# DIRECTIONS:
In the material below, begin at the line that has "Sterling silver warrior", stop after the line that has "Pauline Hanson rolls", and transcribe those lines exactly, without pictures.

# INPUT DATA:
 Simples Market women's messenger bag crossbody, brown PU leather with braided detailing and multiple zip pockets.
* * *
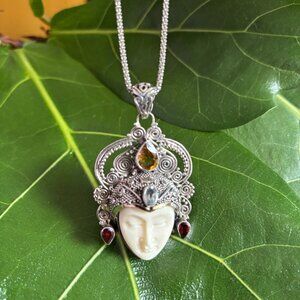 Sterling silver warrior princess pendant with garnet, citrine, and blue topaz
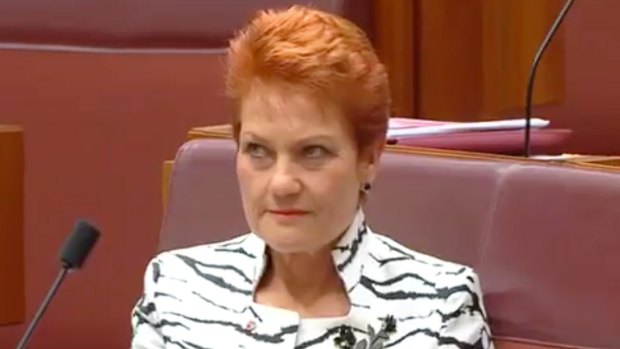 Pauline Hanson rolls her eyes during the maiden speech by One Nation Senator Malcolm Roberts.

# OUTPUT:
 Sterling silver warrior princess pendant with garnet, citrine, and blue topaz
 Pauline Hanson rolls her eyes during the maiden speech by One Nation Senator Malcolm Roberts.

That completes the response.